You are viewing a plain text version of this content. The canonical link for it is here.
Posted to dev@hudi.apache.org by nishith agarwal <na...@apache.org> on 2019/05/09 00:19:30 UTC

Supporting Collapse type operation for better data layout

High level requirements :

1. Write larger files while keeping the ingestion & query latencies low
2. Better data layout, for eg.,when rewriting smaller files to larger ones,
piggyback on the I/O and move records around and group them based on some
pattern for better query performance, compression etc..

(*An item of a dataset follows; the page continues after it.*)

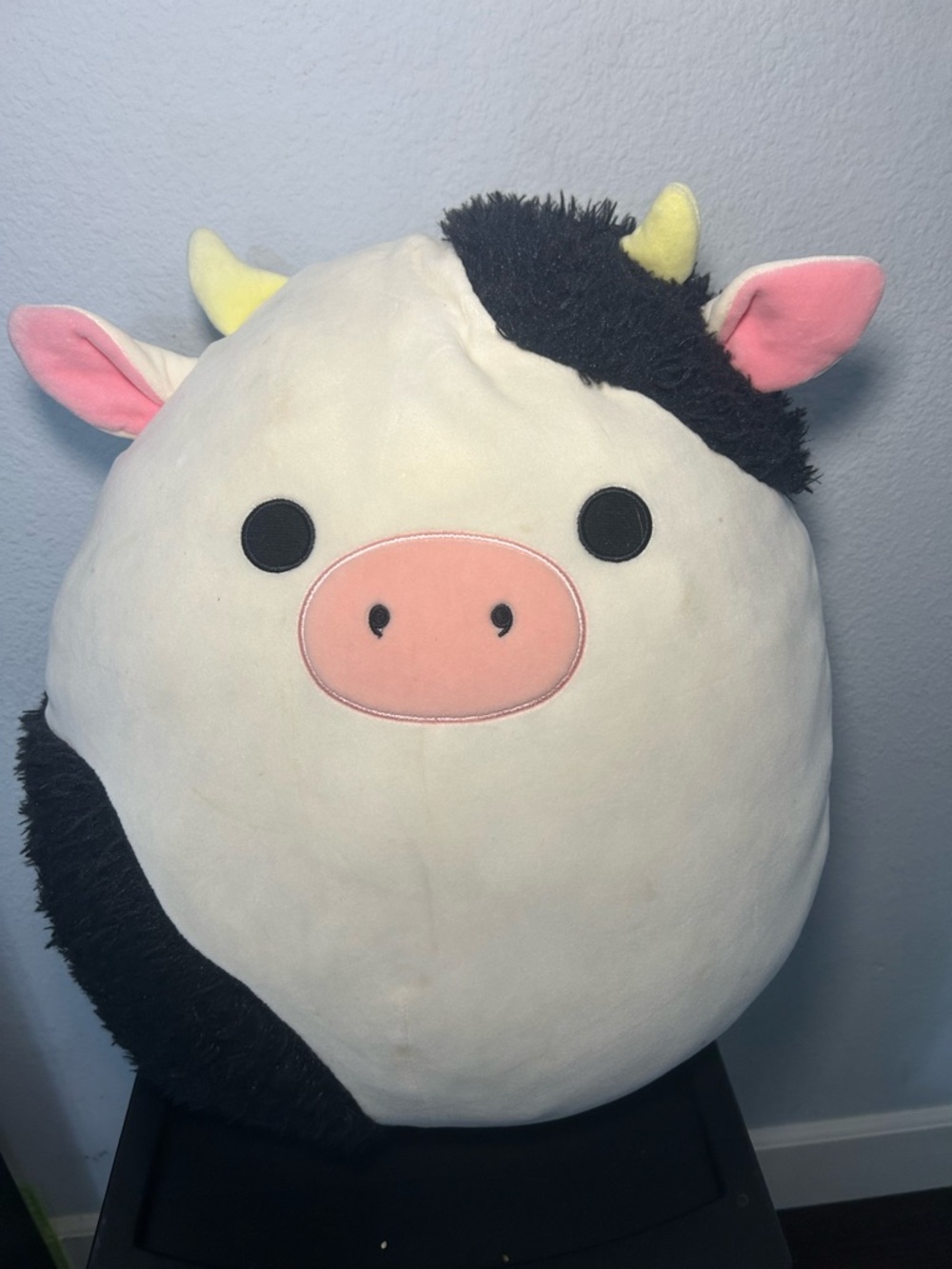 Plush Cow Pillow - White, Black & Pink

Created an issue around this :
https://issues.apache.org/jira/browse/HUDI-112

Let's discuss there and then we can follow it up with a HIP.

Thanks,
Nishith

Re: Supporting Collapse type operation for better data layout

Posted by Vinoth Chandar <vi...@apache.org>.
This would be an exciting project!

On Wed, May 8, 2019 at 5:19 PM nishith agarwal <na...@apache.org> wrote:

> High level requirements :
>
> 1. Write larger files while keeping the ingestion & query latencies low
> 2. Better data layout, for eg.,when rewriting smaller files to larger ones,
> piggyback on the I/O and move records around and group them based on some
> pattern for better query performance, compression etc..
>
> Created an issue around this :
> https://issues.apache.org/jira/browse/HUDI-112
>
> Let's discuss there and then we can follow it up with a HIP.
>
> Thanks,
> Nishith
>